Permintaan bahan bakar yang berasal dari fosil (batubara, minyak bumi dan gas alam) terus menunjukkan peningkatan setiap 20 tahun sejak 1900. Permintaan bahan bakar itu jauh lebih cepat dibandingkan dengan peningkatan jumlah penduduk. Sebagai contoh adalah kasus di Amerika Serikat (AS). Antara tahun 1960 dan 1980, jumlah populasi di AS meningkat hingga 25%, namun permintaan energi total naik sampai 80 %, yang berarti lebih dari tiga kali kenaikan jumlah penduduk. Gejala yang sama juga terlihat di negara-negara industri lainnya.

Peningkatan permintaan energi berkaitan langsung dengan pertumbuhan ekonomi.

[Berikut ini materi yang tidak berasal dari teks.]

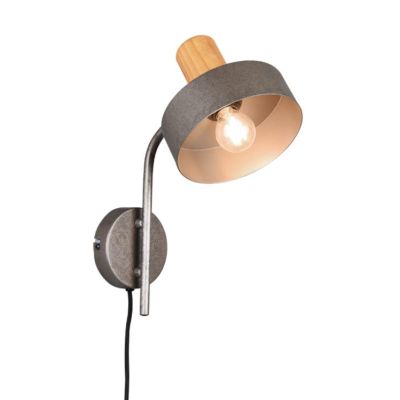 GAYA LAMPADA DA PARETE ORIENTABILE IN LEGNO E METALLO STILE VINTAGE LAMPADINA ATTACCO E14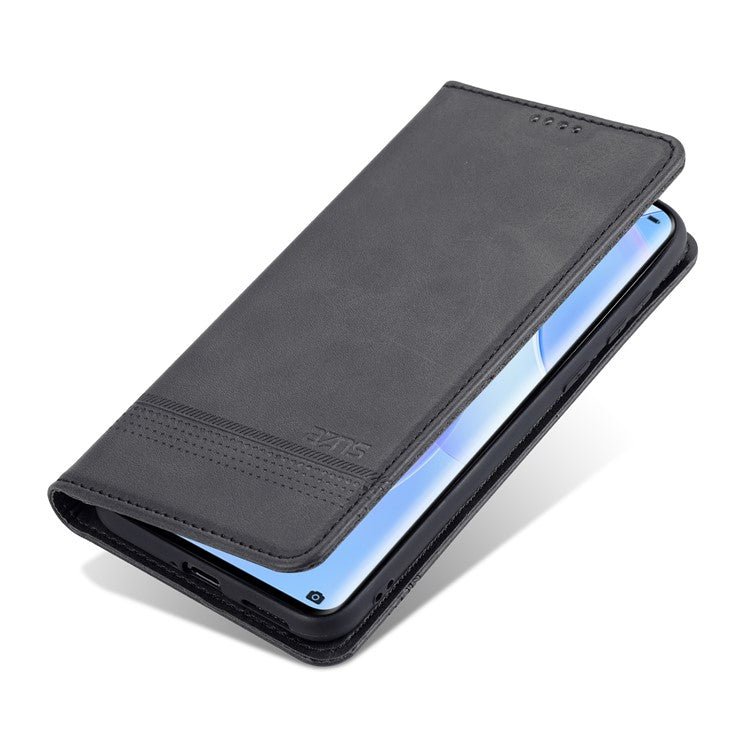 AZNS PU Leather Flip Book Shockproof Auto-absorbed Magnetic Case with Stand for Huawei P50 Pro - Black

Sebagai buktinya adalah meningkatnya permintaan energi untuk transportasi. Kendaraan bermotor di AS pada tahun 1970 menghabiskan kira-kira 91 milyar galon bahan bakar, meningkat menjadi kira-kira 115 milyar galon pada tahun 1980. Para ahli meramalkan bahwa bahan bakar fosil ini akan mensuplai lebih dari 75 % kebutuhan energi dunia menjelang tahun 2000. Batubara menempati posisi cadangan mineral terbanyak di dunia. Saat ini batubara menyediakan sekitar 30 % energi dunia, 22 % dari jumlah itu dikonsumsi di AS.

Ancaman Hujan Asam

Pertumbuhan jumlah penduduk dan peningkatan peradaban umat manusia yang diiringi dengan meningkatnya konsumsi bahan bakar fosil telah memunculkan masalah krisis ekologi besar berupa pencemaran lingkungan skala dunia. Dalam batubara terdapat belerang atau sulfur (S) yang apabila dibakar berubah menjadi oksida sulfur. Masalah utama berkaitan dengan peningkatan penggunaan bahan bakar fosil adalah dilepaskannya gas-gas polutan penyebab hujan asam, seperti carbon dioksida (CO2), oksida nitrogen (NOx) dan oksida sulfur (SOx).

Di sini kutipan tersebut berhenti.